Once or twice, when she left the flat, she saw a man dodge out of sight on the lower flight. She spoke of this to Guy, who thought it would be some agent of the landlord. Embarrassed at having English tenants, he might be seeking an excuse to break their agreement.

She said to Despina: ‘Keep the front door bolted. If the landlord wants to come in, do not let him.’

‘No, no, corniţa,’ Despina assured her, appearing to understand the whole situation. ‘If anyone comes, I do like this …’ She opened the sitting-room door a crack and put her nose to it. ‘If it is the landlord – pouf! I do like this.’ She slammed the door shut. ‘He is a bad man,’ she added in explanation. ‘He beats his cook.’

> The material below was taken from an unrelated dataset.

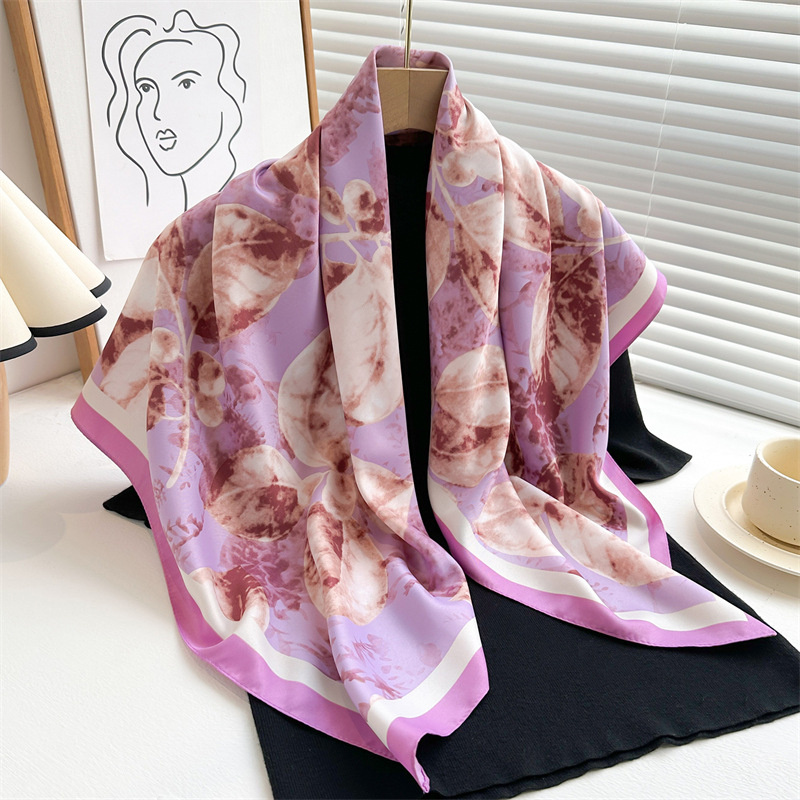 Retro 90cm Printed Large Squar - Silk Scarf Square ulasan dan harga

There were now four meatless days in a week, but even on the other days meat was hard to find. Despina would be away for two or three hours queueing at market stalls and often, on returning, would hold out, with a dramatic gesture, her empty basket. ‘In the market today, no sugar, no coffee, no meat, no fish, no eggs. Nothing, nothing.’

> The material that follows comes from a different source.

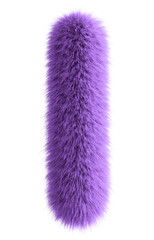 Purple 3D Fluffy Letter I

Watching the processions, the daily pageantry amid utter confusion, it seemed to Harriet that the whole country had succumbed, without any sort of resistance, to a lunatic autocracy.

She said to Guy: ‘Everyone in Bucharest is trailing round after these Guardist turn-outs. Why is there no opposition to it all?’

‘There’s no chance of any active opposition,’ he said. ‘The only people with the moral fibre to oppose anything are in prison. The Communists – but not only the Communists: the Liberal Democrats, everyone and anyone likely to show a spark of revolt: they’re all in prison.’

‘What about Maniu?’

‘What can he do? Anyway, from what I’ve seen of him, I should not think he’s much more than a showpiece: Rumania’s “Good Man”. He was the leader of the Transylvanian peasants, and Transylvania is lost. You must realise that this new dictatorship is much tougher than the old. There are not only prisons now, there are concentration camps: and there are these young men trained at Dachau, all waiting for a chance to beat someone up. Yet,’ Guy added, ‘there is opposition of a sort. A typical Rumanian opposition. Satire. It’s the most difficult sort to repress.’ He told her how in the Doi Trandifiri, the meeting place of intellectuals, there was proof that the liberal sanity of the past survived. Deathly fearful though people were, there they were still able to laugh. They had nicknamed the Iron Guard ‘le régime des pompes funèbres’ and a great many funny stories went round about Horia Sima and his visions. Sima was in conflict with Codreanu’s father who declared that his son’s spirit disapproved of the present leader and had appointed his father as his vicar-on-earth. The old man had to be put under house-arrest and, knowing he was in danger of assassination, he said he preferred to stay indoors as fewer accidents happened there.

‘There’s opposition, too,’ said Guy, ‘from a much more influential source – the German minister. He’s tired of all this marching and singing “Capitanul”. He wants the country back at work. Several big industrial firms have had to close down because the directors are in prison and the workers are all in the Iron Guard. The financial situation is chaotic, Carol banked all the national wealth abroad in his own name. Now it’s frozen. On top of that, the Guardists want to start a full-scale persecution of the Jews.’